How to work with European colleagues during the summer?
8 tips for working with Europeans during the summer months
The key to success when working on a project with colleagues from France, Germany or anywhere in Europe, in general, is to know and understand from the beginning of the project that the pace slows down significantly in the summer. For this reason, you must:
– Accept that Europeans see vacation as a time for rest…not for working.
– Explain to your European colleagues that paid vacations don’t exist in the United States and that you never go on vacation for more than a few days in a row. Make them understand that it is no problem for you as you can make the most of it!
– Integrate school breaks into the calendar. They are the best indicator of downtimes - don’t plan any important steps during these periods.
– Also integrate the public holidays, and don’t make your European colleagues attend meetings the day before, during or after their extended “pont” holidays. They will appreciate it and return the favor at Thanksgiving.

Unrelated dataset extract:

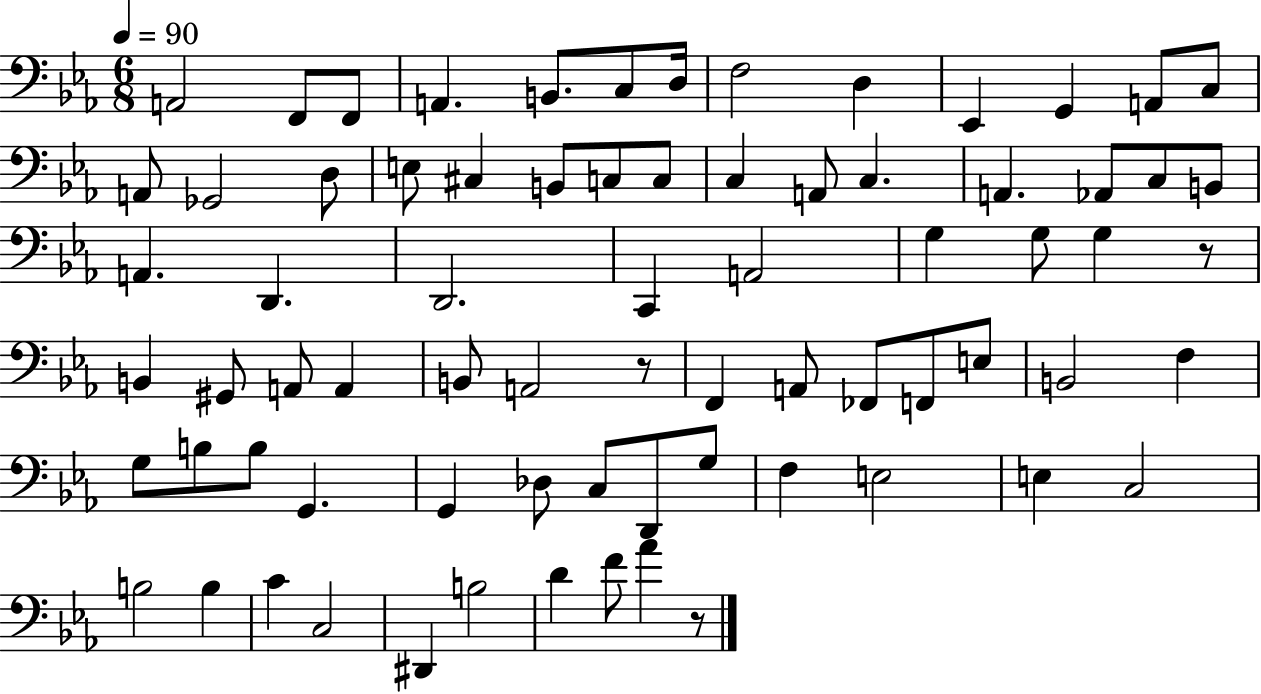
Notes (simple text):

A2/h F2/e F2/e A2/q. B2/e. C3/e D3/s F3/h D3/q Eb2/q G2/q A2/e C3/e A2/e Gb2/h D3/e E3/e C#3/q B2/e C3/e C3/e C3/q A2/e C3/q. A2/q. Ab2/e C3/e B2/e A2/q. D2/q. D2/h. C2/q A2/h G3/q G3/e G3/q R/e B2/q G#2/e A2/e A2/q B2/e A2/h R/e F2/q A2/e FES2/e F2/e E3/e B2/h F3/q G3/e B3/e B3/e G2/q. G2/q Db3/e C3/e D2/e G3/e F3/q E3/h E3/q C3/h B3/h B3/q C4/q C3/h D#2/q B3/h D4/q F4/e Ab4/q R/e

– Six months in advance, plan for the respective vacations of the project’s key people and integrate their absences into the calendar. Many employees with children plan their vacations far in advance.
– Assign someone to handle any emergencies over the summer, if necessary. But don’t rely on them to fill in for everyone else who is absent!
– Two weeks before summer, organize a meeting to clarify expectations and to define realistic steps for the summer. It’s a good time for Americans to make progress with product development, market studies and data analysis to present when everyone is back.
– Schedule an update meeting for the first week after the summer break in order to rebound quickly.
Here is some final advice to help you build quality relationships with your European colleagues. Ask them about their vacation plans before summer arrives, don’t forget where they are going and ask them about their vacations when they return. They will appreciate your interest and will be even more motivated to work with you!